Keywords

1 Introduction

Text semantic matching refers to comparing the semantic similarity between two pieces of text to determine whether they have the same meaning or express similar meanings. In recent years, significant progress has been made in the application of pre-trained models for the semantic matching of text pre-trained models can learn linguistic representations by training on large-scale data to provide higher-quality semantic features for downstream tasks. Among them, feature-based matching [21] and interaction-based matching [18] are the two main applications of pre-trained models for text semantic matching.

The feature-based matching method refers to encoding two sentences separately to obtain their sentence vectors representations and then processing these sentence vectors by simple fusion to obtain the final matching result. The feature-based matching approach can effectively avoid the problem of information overload and has good computational efficiency at the same time. However, the independent encoding of two sentences in a sentence pair may lead to the neglect of the interaction information between sentences, which affects the matching accuracy. We usually use interactive matching methods to better use the interaction information between sentences. The interactive matching method refers to splicing two texts together as a single text for classification. This method can obtain richer semantic information and thus improve the matching accuracy. For example, in question-answer systems, the correlation between the question and the text can be better captured by stitching the question and the text together.

In this study, we propose the BiLSTM-PD model. The model combines word vectors and sentence vectors to improve the quality of feature vectors, uses parallel dropout to reduce overfitting, and uses interactive matching methods to obtain richer semantic information. Experiments on two semantic matching datasets show that the present model achieves excellent performance. The contribution of this paper includes three parts:

  1. 1.

    Combining word vectors and sentence vectors to ensure a higher quality representation of feature vectors.

  2. 2.

    Parallel dropout is proposed to reduce overfitting by parallel operations.

  3. 3.

    The results show that the BiLSTM-PD model can improve the performance of semantic matching and can also be easily integrated into other interaction-based text semantic matching models to improve accuracy.

2 Related Work

2.1 Text Semantic Matching

Text semantic matching aims to determine the semantic relationship between two text sequences.
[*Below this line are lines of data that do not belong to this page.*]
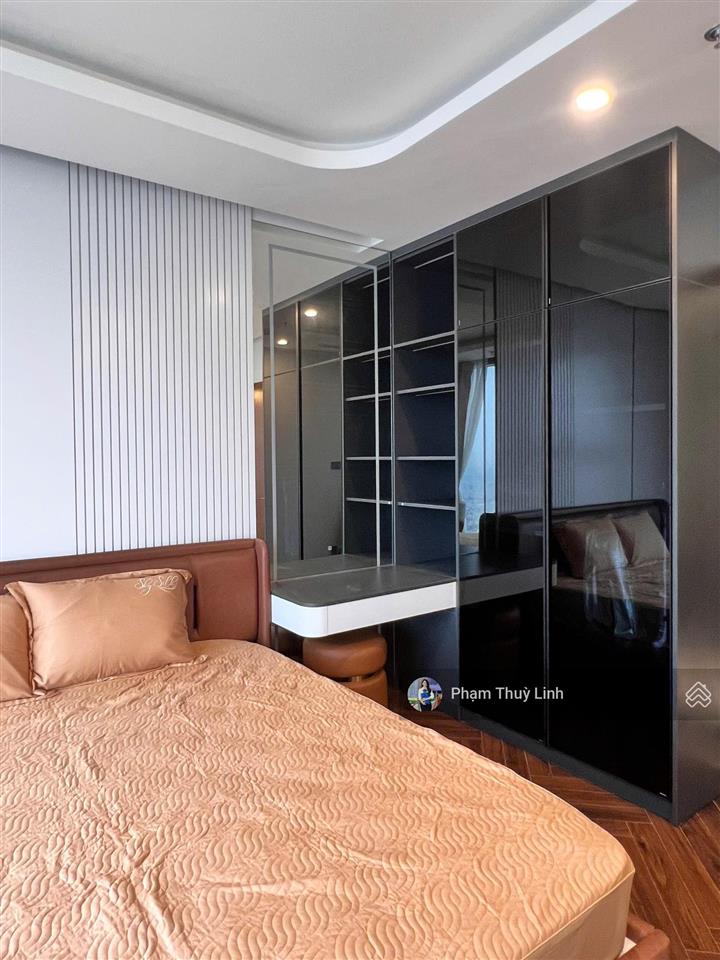 Cho thuê căn hộ 2 ngủ 2 vệ sinh full nội thất cao cấp có thể vào ở ngay giá 15 triệu
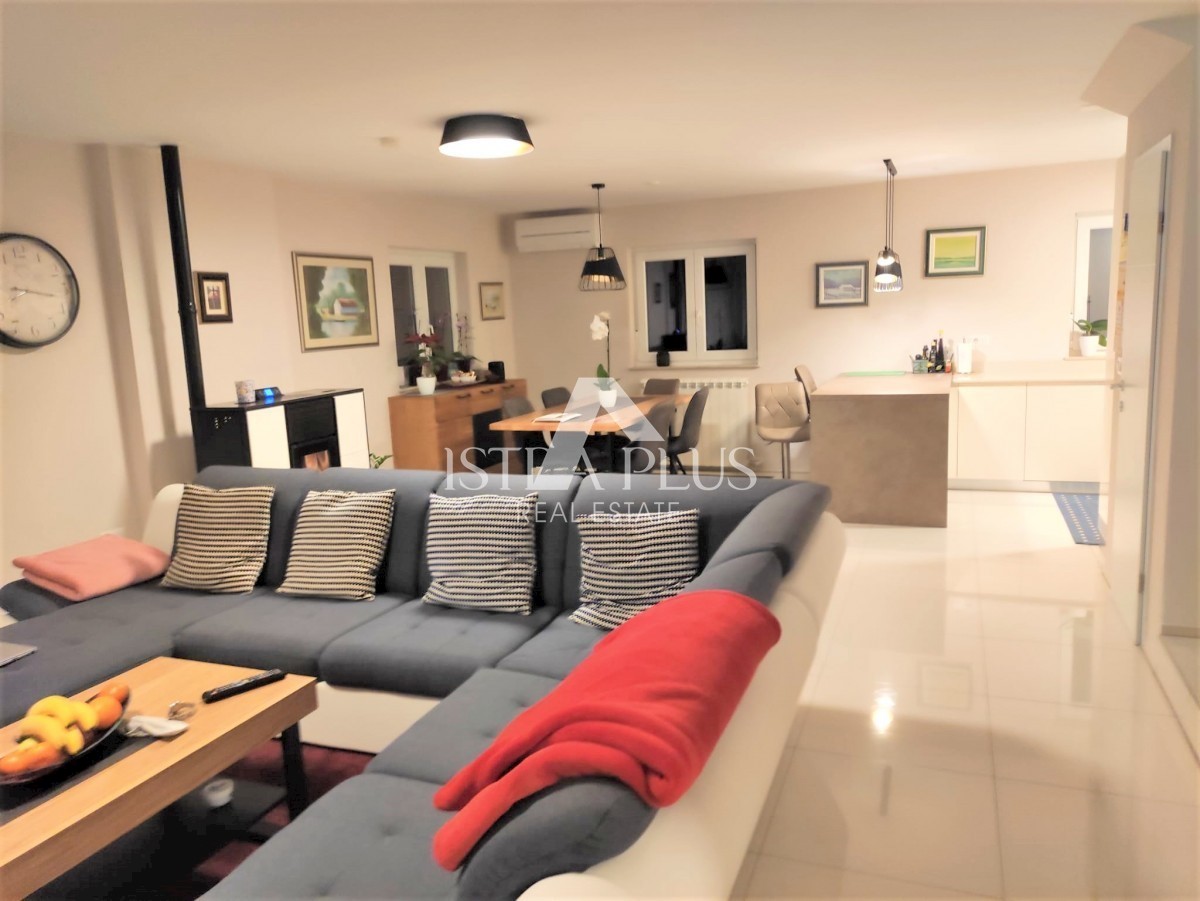 Apartma v dveh etažah v hiši z dvema apartmajema na odlični lokaciji v Poreču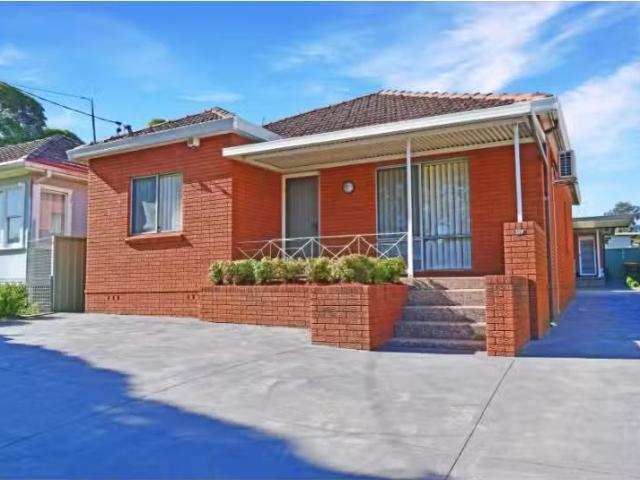 House for rent in Chester Hill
In earlier work, researchers mainly used keyword-based matching methods such as TF-IDF [12] and BM25 [11]. These methods rely on manually defined features and often fail to assess the semantic relevance of the text. With the development of deep learning techniques, researchers have started to propose various neural models to solve the text semantic matching problem. These models use deep learning techniques such as recurrent neural networks (RNN) [9] and convolutional neural networks (CNN) [10] to encode text sequences and then compare the encoded text sequences to determine the similarity between them. Their recurrent neural networks are mainly used for sequence modeling and can handle variable-length input sequences adaptively. They are widely used in the field of text semantic matching. There are also some improved models based on RNNs, such as Siamese [17], which classifies two text sequences by encoding them separately through the same RNN and then stitching them together for the task of text semantic matching. With the emergence of pre-trained models, the field of text semantic matching has also started to apply this technique. Pre-trained models can automatically learn rich semantic information by performing unsupervised learning on a large-scale text corpus to improve the performance of text semantic matching. BERT [5] is a representative model among them, which achieves extremely high performance by learning bidirectional contextual representations through a joint training task. Subsequent researchers have also proposed various improved models based on BERT, such as RoBERTa [15] and ALBERT [13].

2.2 Dropout

Dropout is a regularization technique commonly used in deep learning to reduce the complexity of the network by dropping some random neurons during training, thus reducing the risk of overfitting. Dropout was first proposed by Hinton et al. [8], one of the reasons for model overfitting is that the relationship between neurons is too complex, and dropout can prevent the relationship between neurons from being too complex by randomly dropping some neurons. Dropout is implemented in a simple way, i.e., some neurons are randomly dropped with a certain probability p in each training so that they are not involved in forward and backward propagation. This allows the network to be more robust during training and improves generalization. In addition to the original dropout technique, there are some improved methods. For example, DropConnect [19], which replaces random dropout with random disconnections, can increase the capacity of the network while reducing overfitting, and DropBlock [6], which replaces random dropout with random block dropout, can further reduce the risk of overfitting. However, these methods generally use only one dropout, while the parallel dropout we use works better by using multiple dropouts to randomly discard a portion of the neurons in the sentence vectors.

3 Method

Text semantic matching can be viewed as a classification task to find labels \(y\in Y= \left\{ similar, dissimilar \right\} \) for a given sentence pair \(\left( S_{a},S_{b} \right) \). Figure 1 shows our model BiLSTM-PD for this task, and the model structure includes an input layer, a feature extraction layer, a dropout layer, and an output layer. In the following, we describe the components of the model.

Fig. 1.
figure 1

General framework of the model

3.1 Input Layer

Given two text sequences \(S_{a}=\left\{ w_{1}^{a},...,w_{l}^{a}\right\} \) and \(S_{b}=\left\{ w_{1}^{b},...,w_{l}^{b}\right\} \), we need to add an \(\left[ cls \right] \) at the beginning of the sentence and \(\left[ sep \right] \) in the middle and at the end of the two sentences, \(S_{a,b}= \left[ \left[ cls \right] S_{a}\left[ sep \right] S_{b}\left[ sep \right] \right] \). Here, \(w_{i}^{a}\) and \(w_{j}^{b}\) represent the i-th and j-th word in the sequences; \(\left[ cls \right] \) denotes the beginning of the sequence and is used for the classification task; \(\left[ sep \right] \) is used to separate two sentences or paragraphs in the input sequence so that BERT can distinguish them. We use \(S_{a,b}\) as the input of BERT.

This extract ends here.